If you’ve had difficulty with starting or maintaining relationships, issues with feeling jealous and possessive or find that your connections with others are more a source of distress than anything else, this book is for you.
It may feel sometimes that an intense and serious connection with someone is proof of the depth of the feeling you have for one another. But be careful, obsession and dependency is not the same as love.
In the codependent relationship, our affection and attention is coming from a place of fear and need. As a result, the partners never really connect with each other. They do endless, complicated dances around each others problems, but what they never do is make an honest human connection.

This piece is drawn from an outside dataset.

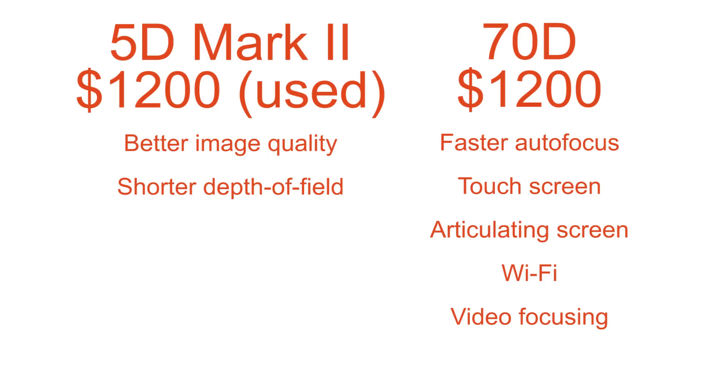For landscapes, the priorities are detail and dynamic range — you want to be able to make really large prints. If you're a casual landscape photographer just wanting travel pictures for Facebook, a Canon T3 at $300–$350 used will do just fine. But if you're serious, if you want to make huge poster-size prints, the 70D is fine but it's hard to recommend it over a used 5D Mark II at exactly the same price point. The 5D Mark II will give you much better image quality, greater dynamic range, more detail in the shadows, and more highlight recovery — at the same price. So for serious landscape photographers, pass on the 70D and pick up a used 5D Mark II.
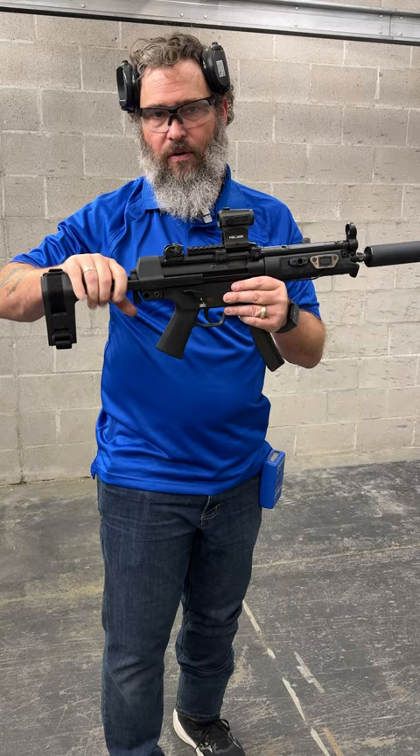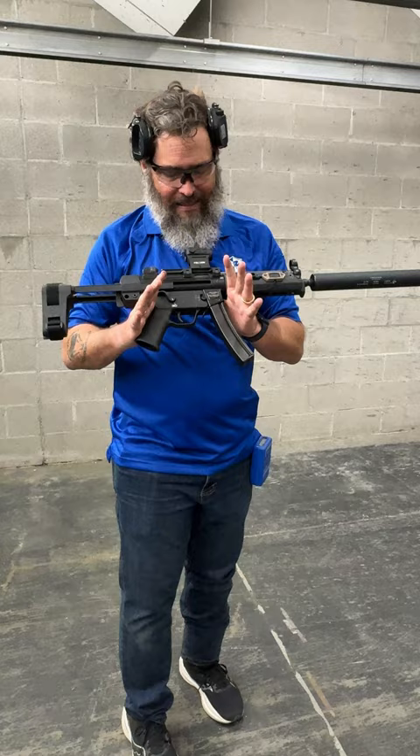This is a stupid expensive setup, guys. I'm not saying you got to have a setup like this. This setup as it sits right now is like $6,000, so it's bougie as the day is long. Not saying you got to have this, but sure it's fun to shoot.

In codependent relationships, manipulation, guilt and resentment take the place of healthy, balanced affection. Codependent partners are not necessarily together because they want to be, they are because they have to be, because they don’t know how to live otherwise.
One partner may bring a history of abuse, a “personality disorder†or mental illness into a relationship; the ways the other partner responds to this may be healthy or not, but if they bring their own issues to the table too, they may find that the bond of their love is more accurately described as a shared and complementary dysfunction.
Remember, the relationships we are in can never be better than the relationships we have with ourselves. Two unhappy people together never make a happy couple together. We cannot treat other people in ways we have never taken the time to consider before, and we cannot communicate properly if we are not even sure what it is we need to communicate in the first place.
An individual with a mature, well-developed sense of themselves has the most to offer someone else. They have their own lives, their own sense of self-worth, their own strength. And when you remove need, fear, obsession and desperation, you open up the way for love and affection just for its own sake.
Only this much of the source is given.